Finally, this approach is very difficult operationally. Debugging an app that registers itself is impossible without stopping the app — we’ve had to resort to using iptables to block the Zookeeper port on machines we were investigating. Special provisions have to be made to examine the list of backends that a particular app instance is currently communicating with. And again, intelligent load balancing is complicated to implement.
The SmartStack way
SmartStack is our solution to the problem of SOA. SmartStack works by taking the whole problem out-of-band from your application, in effect abstracting it away. We do this with two separate applications that run on the same machine as your app: Nerve, for service registration, and Synapse, for service discovery.
Nerve does nothing more complicated than what Twitter commons already did. It creates ephemeral nodes in Zookeeper which contain information about the address/port combos for a backend available to serve requests for a particular service.
In order to know whether a particular backend can be registered, Nerve performs health checks. Every service that you want to register has a list of health checks, and if any of them fail the backend is de-registered.
Although a health check can be as simple as “is this app reachable over TCP or HTTP”, properly integrating with Nerve means implementing and exposing a health check via your app. For instance, at Airbnb, every app that speaks HTTP exposes a /health endpoint, which returns a 200 OK if the app is healthy and a different status code otherwise. This is true across our infrastructure; for instance, try visiting https://www.airbnb.com/health in your browser!

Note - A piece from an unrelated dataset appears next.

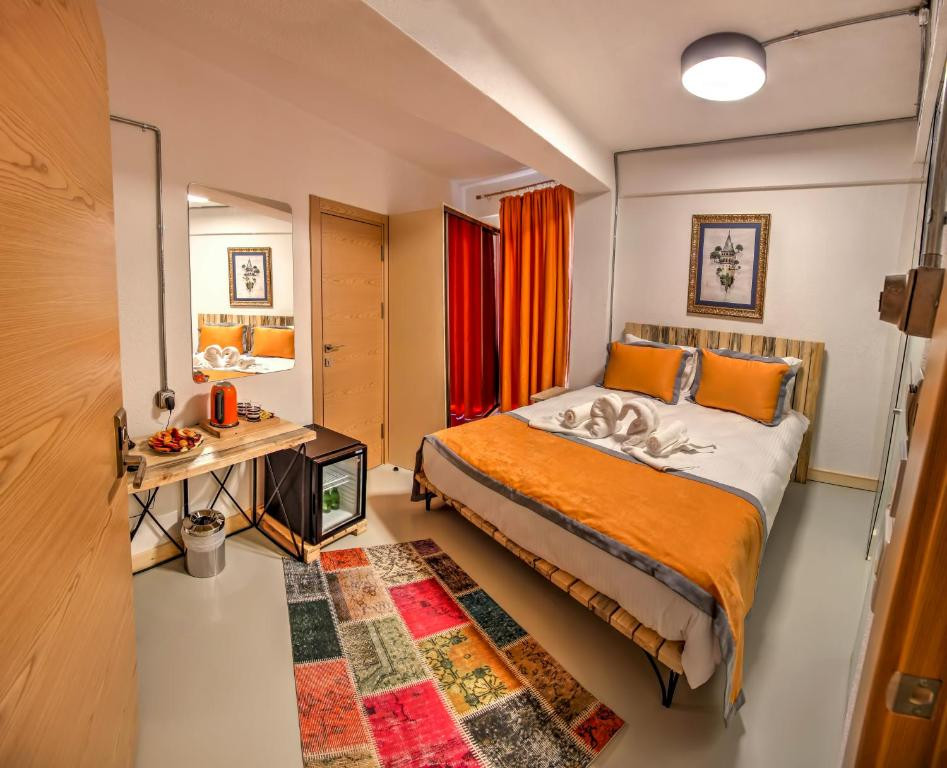 Vavien Adults Only 18+ 4* миниатюра 4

For non-HTTP apps, we’ve written checks that speak the particular protocol in question. A redis check, for instance, might try to write and then read a simple key. A rabbitmq check might try to publish and then consume a message.

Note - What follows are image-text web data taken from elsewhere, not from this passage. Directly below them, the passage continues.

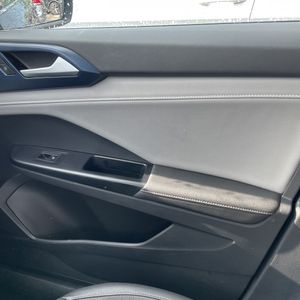 2024 Volkswagen TAOS SE — миниатюра 66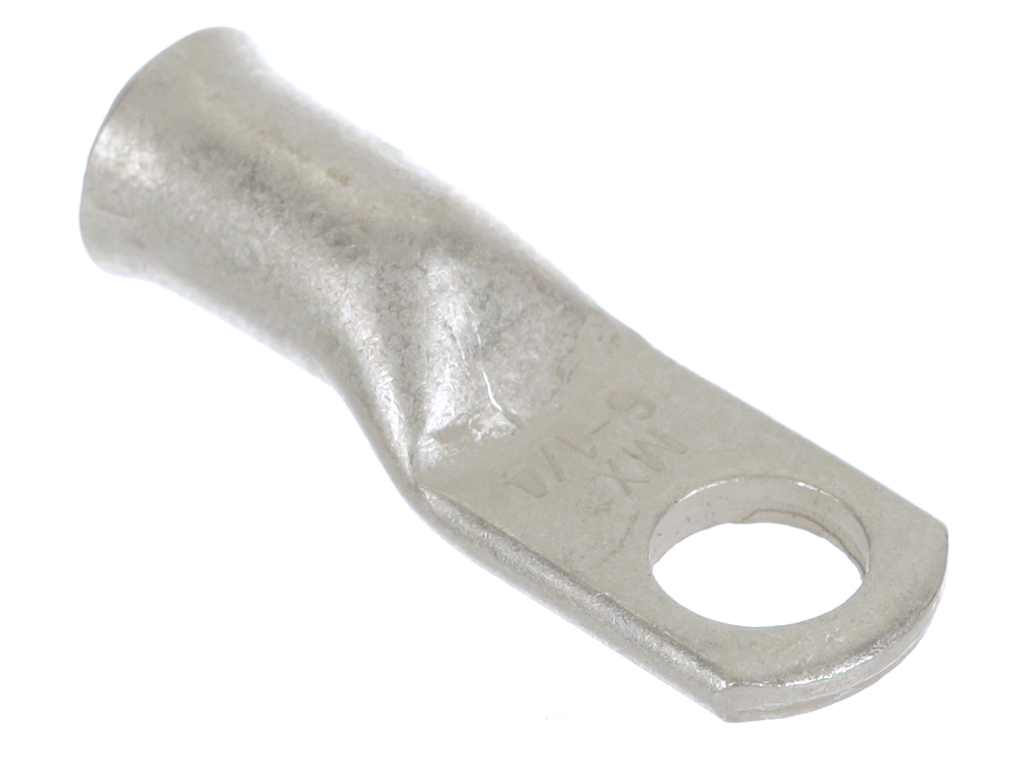 Essentra | Richco 19221-0495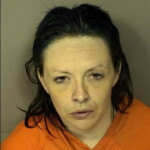Melchor Munoz Whitney Renee Nicole Trespassing On Anothers Land Withoutpermission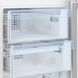 Холодильник Beko RCNA366I30XB (6496812) 7522720014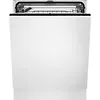 Electrolux  Zmywarka EEA17110L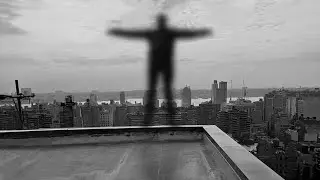 Ты (Slowed)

Synapse is the magic behind service discovery at Airbnb. It runs beside your service, and handles making your service dependencies available to use, transparently to your app. Synapse reads the information in Zookeeper for available backends, and then uses that information to configure a local HAProxy process. When a client wants to talk to a service, it just talks to the local HAProxy, which takes care of properly routing the request.

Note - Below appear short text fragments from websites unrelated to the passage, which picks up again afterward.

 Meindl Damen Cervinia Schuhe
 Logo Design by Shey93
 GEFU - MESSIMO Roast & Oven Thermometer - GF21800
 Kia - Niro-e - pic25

This is, in essence, a decentralized approach to the centralized load load balancing solution discussed above. There’s no bootstrapping problem because there’s no need to discover the load balancing layer — it’s always present on localhost.
The real work is performed by HAProxy, which is extremely stable and battle-tested. The Synapse process itself is just an intermediary — if it goes down, you will not get notification about changes but everything else will still function. Using HAProxy gives us a whole host of advantages. We get all of the powerful logging and introspection. We get access to very advanced load-balancing algorithms, queueing controls, retries, and timeouts. There is built-in health checking which we can use to guard against network partitions (where we learn about an available backend from Nerve, but can’t actually talk to it because of the network). In fact, we could probably fill an entire additional blog post just raving about HAProxy and how we configure it.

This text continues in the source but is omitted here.